━━━ Data records ━━━

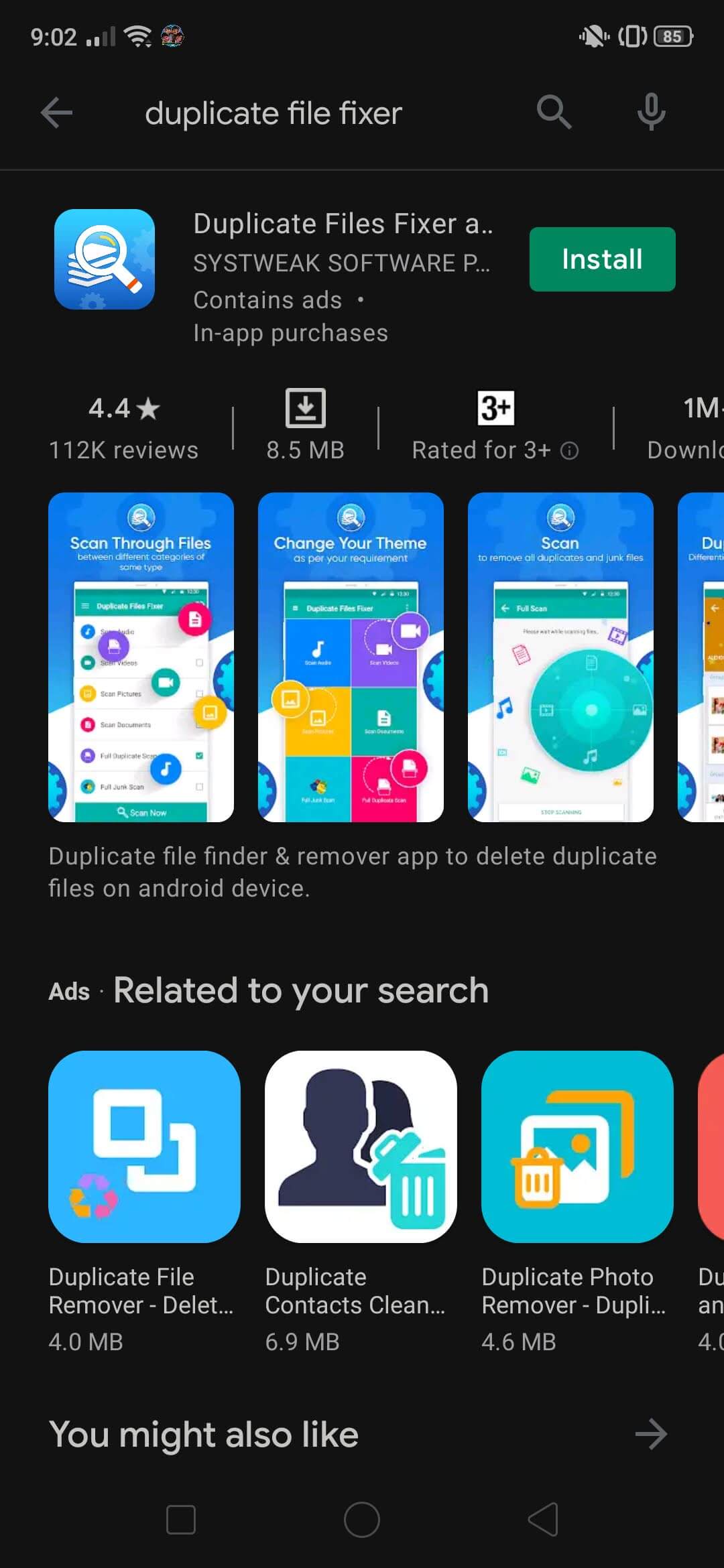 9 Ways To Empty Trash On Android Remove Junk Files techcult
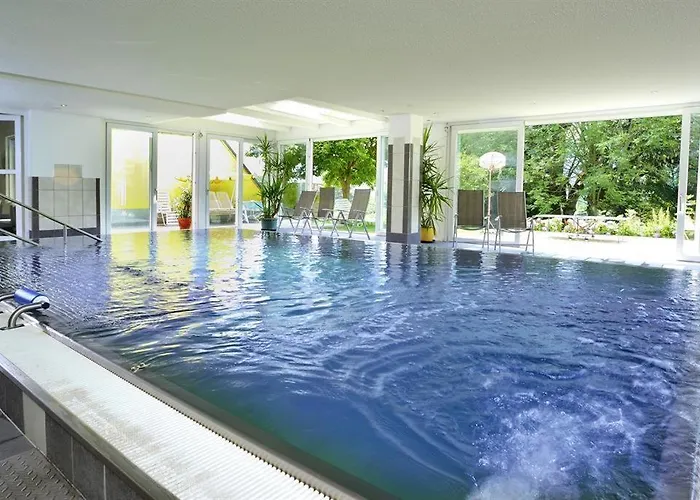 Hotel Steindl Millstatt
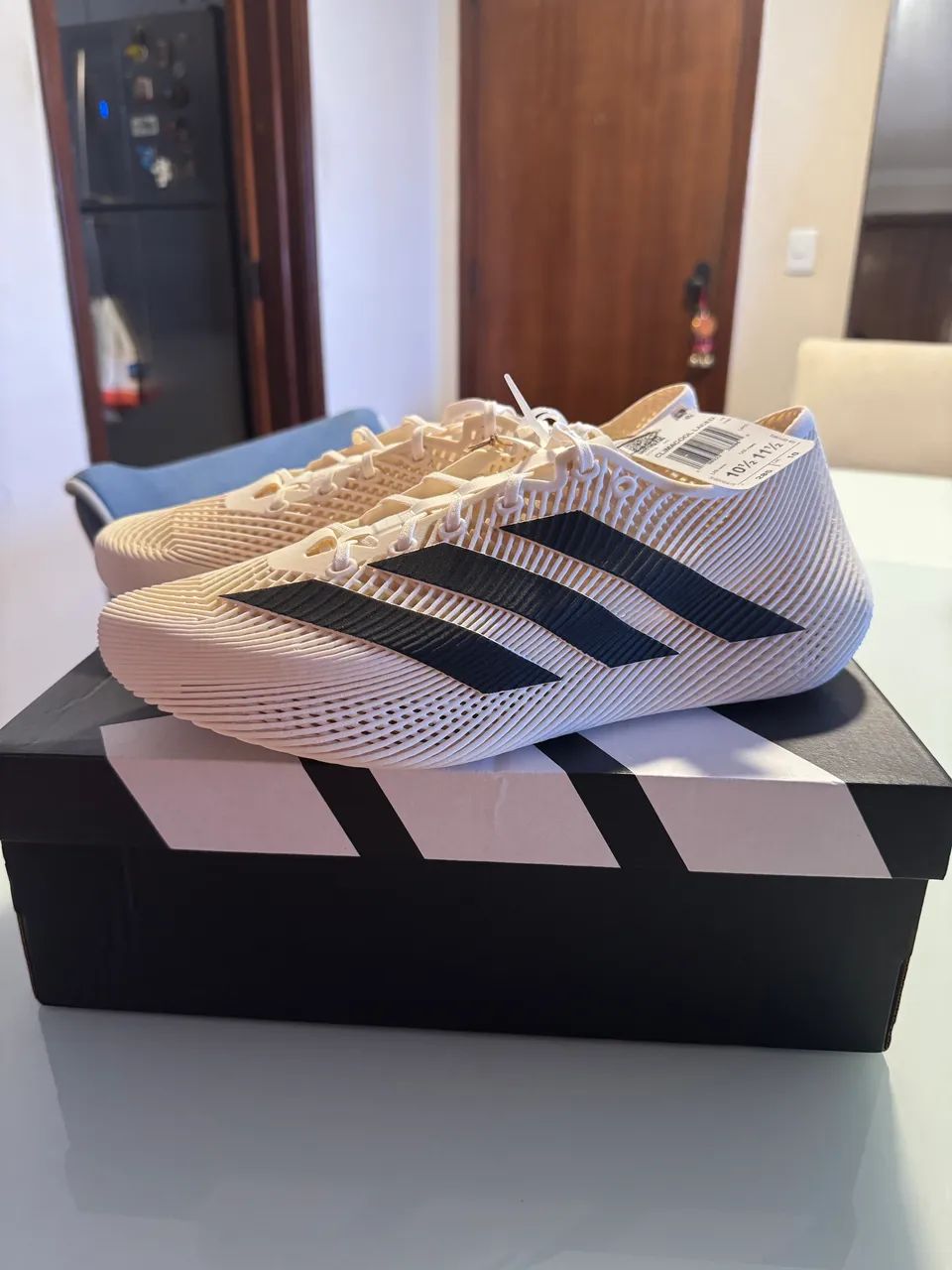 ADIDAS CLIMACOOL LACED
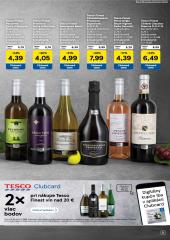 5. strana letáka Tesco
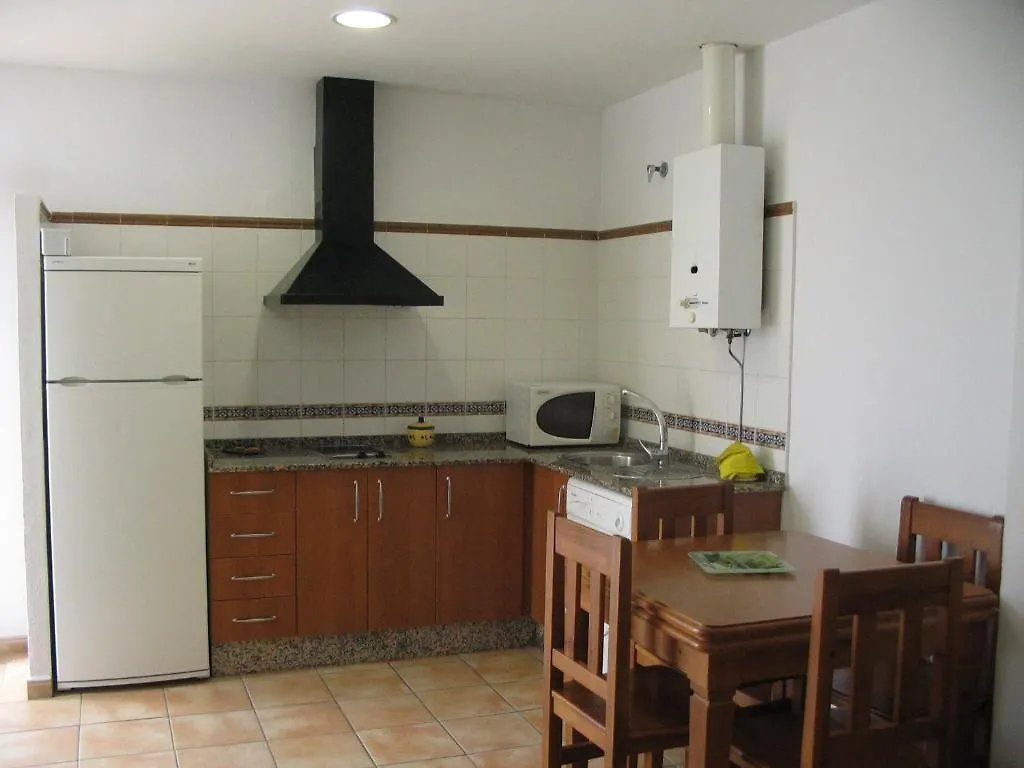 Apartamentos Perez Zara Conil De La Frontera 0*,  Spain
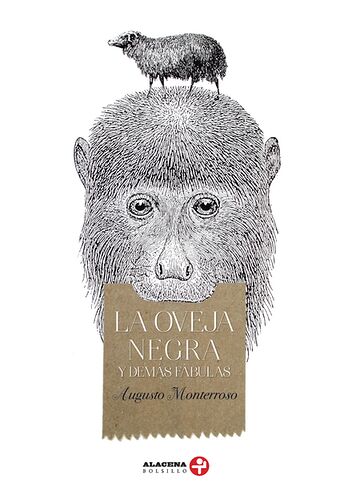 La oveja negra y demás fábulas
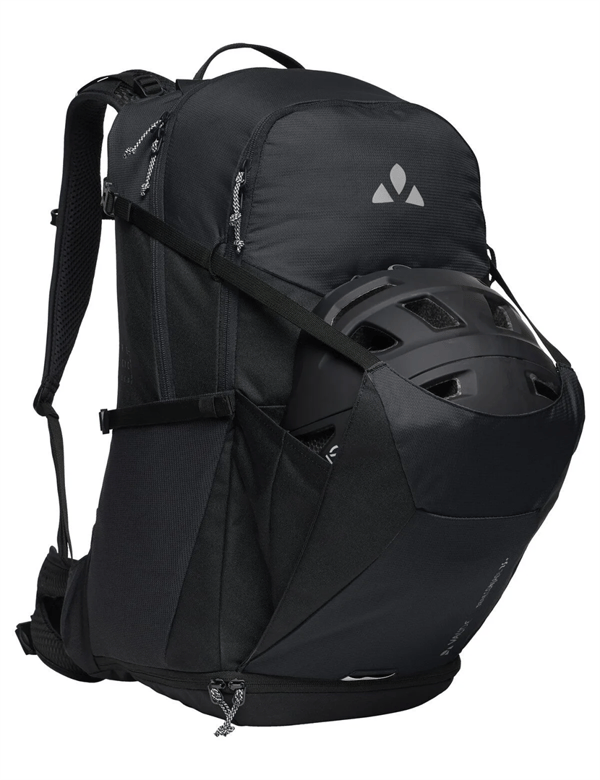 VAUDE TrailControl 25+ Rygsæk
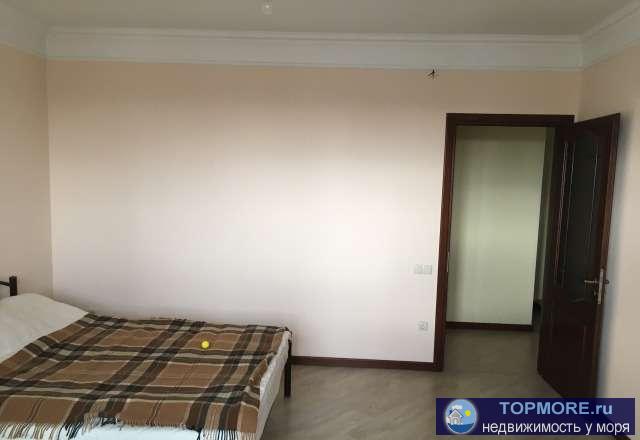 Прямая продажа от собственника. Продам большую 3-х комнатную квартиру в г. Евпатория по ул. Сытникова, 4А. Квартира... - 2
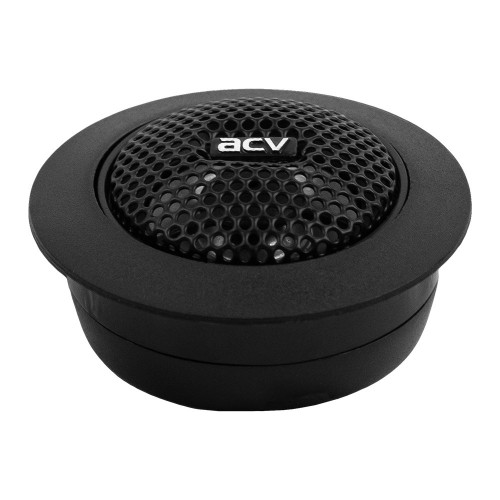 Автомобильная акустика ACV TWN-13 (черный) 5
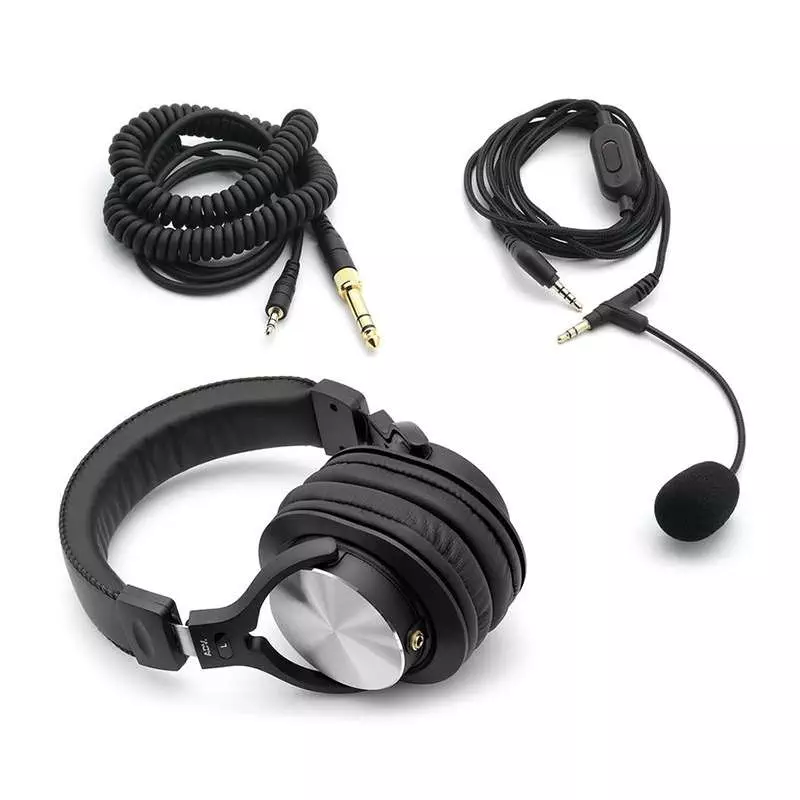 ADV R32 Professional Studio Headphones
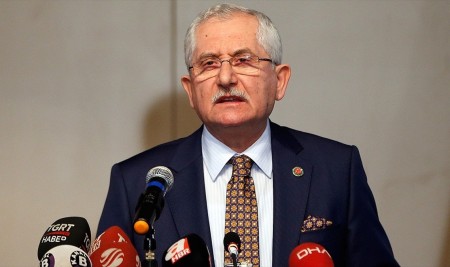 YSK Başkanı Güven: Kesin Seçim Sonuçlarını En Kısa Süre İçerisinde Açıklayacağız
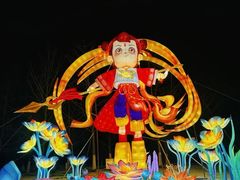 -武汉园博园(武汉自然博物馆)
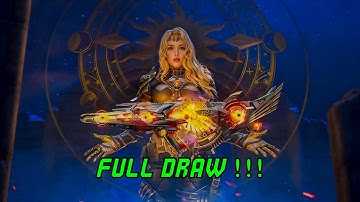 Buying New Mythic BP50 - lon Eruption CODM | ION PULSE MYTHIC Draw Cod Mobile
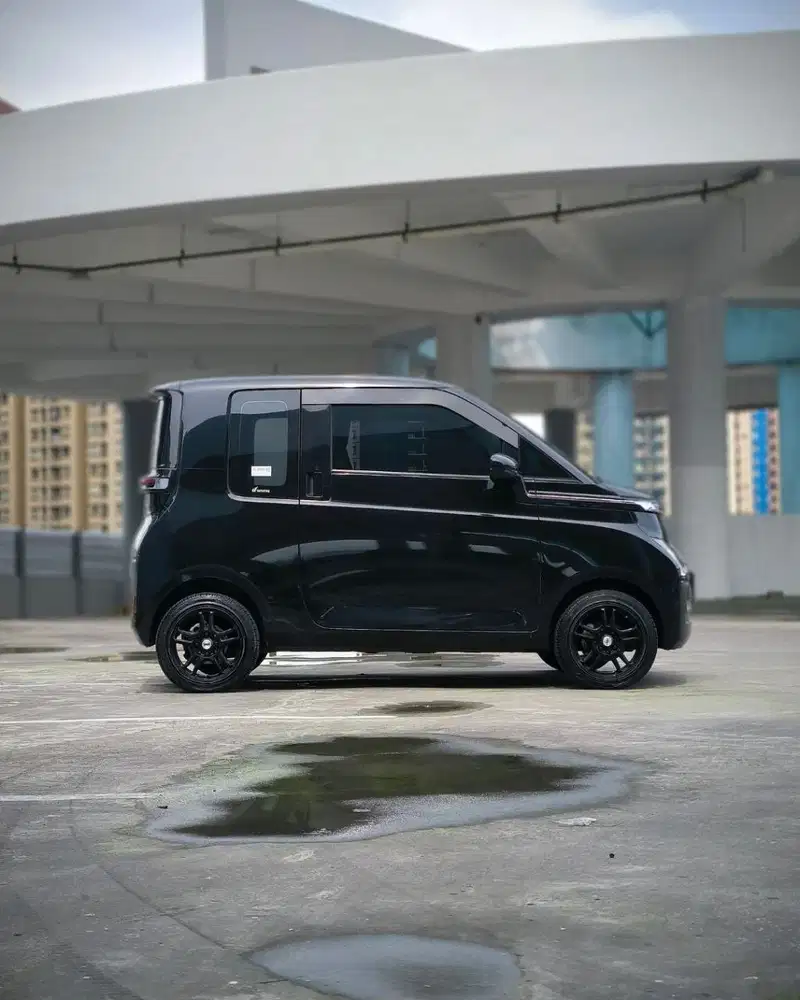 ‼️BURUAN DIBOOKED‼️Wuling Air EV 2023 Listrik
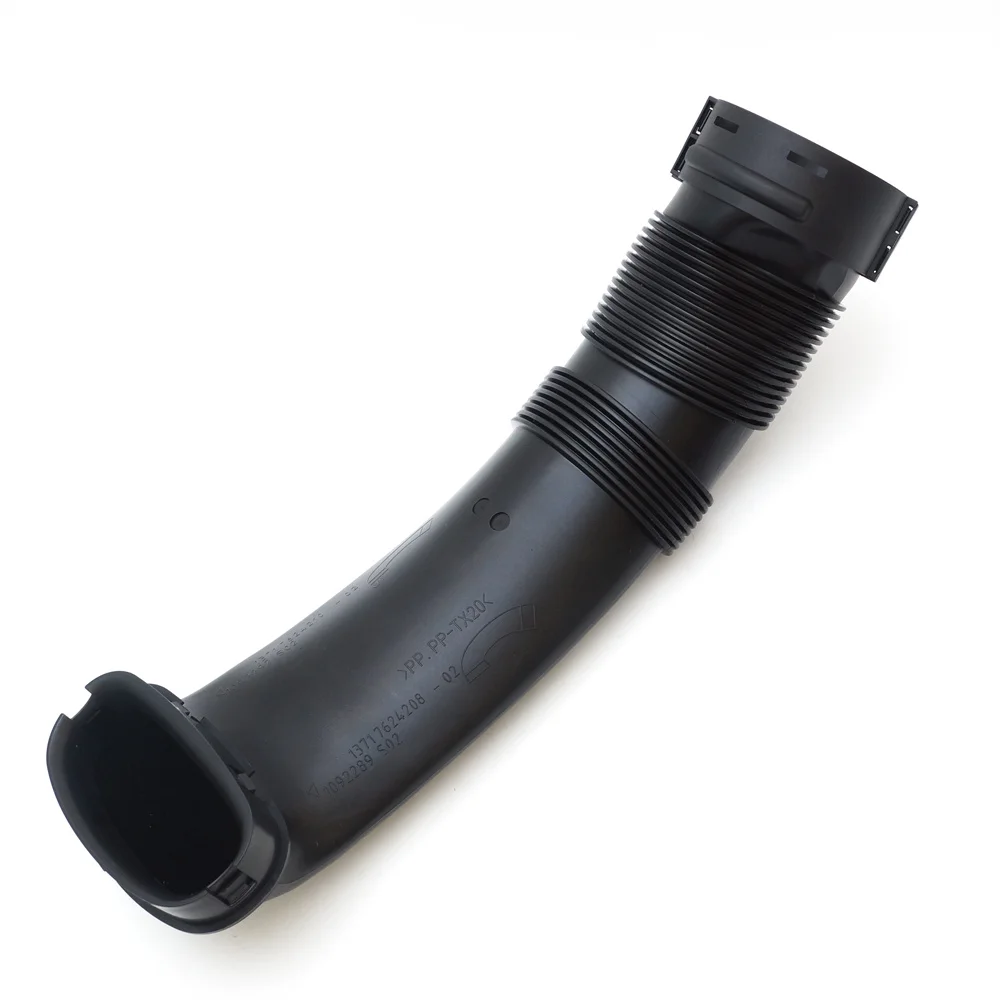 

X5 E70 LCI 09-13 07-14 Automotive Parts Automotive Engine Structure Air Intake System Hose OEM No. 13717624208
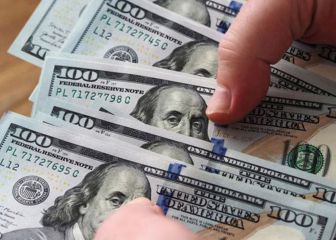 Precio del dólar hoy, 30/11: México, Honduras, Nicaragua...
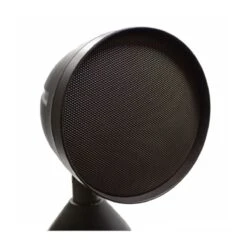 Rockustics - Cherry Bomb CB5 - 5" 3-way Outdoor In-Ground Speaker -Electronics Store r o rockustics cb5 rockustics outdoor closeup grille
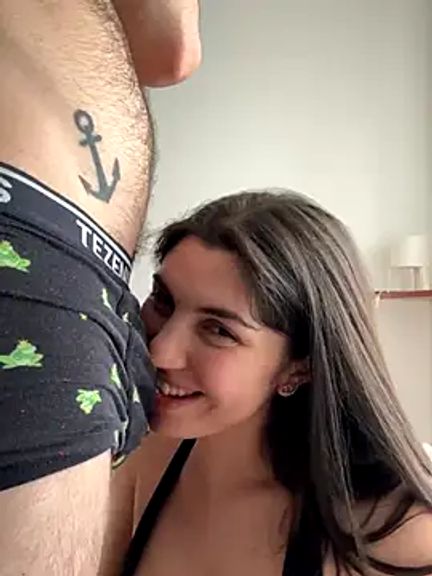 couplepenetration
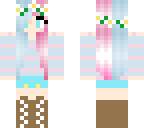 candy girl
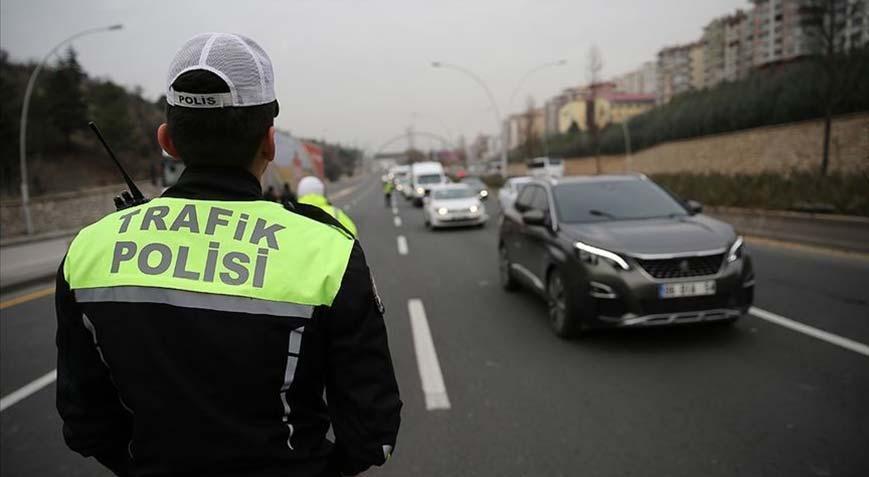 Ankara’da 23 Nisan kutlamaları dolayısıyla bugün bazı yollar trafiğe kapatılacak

━━━

**Prompt:** If a line falls between the first line of the records above and the line containing "VAUDE TrailControl 25+ Rygsæk", inclusive, retype it exactly; leave pictures out.

**Response:**
 9 Ways To Empty Trash On Android Remove Junk Files techcult
 Hotel Steindl Millstatt
 ADIDAS CLIMACOOL LACED
 5. strana letáka Tesco
 Apartamentos Perez Zara Conil De La Frontera 0*,  Spain
 La oveja negra y demás fábulas
 VAUDE TrailControl 25+ Rygsæk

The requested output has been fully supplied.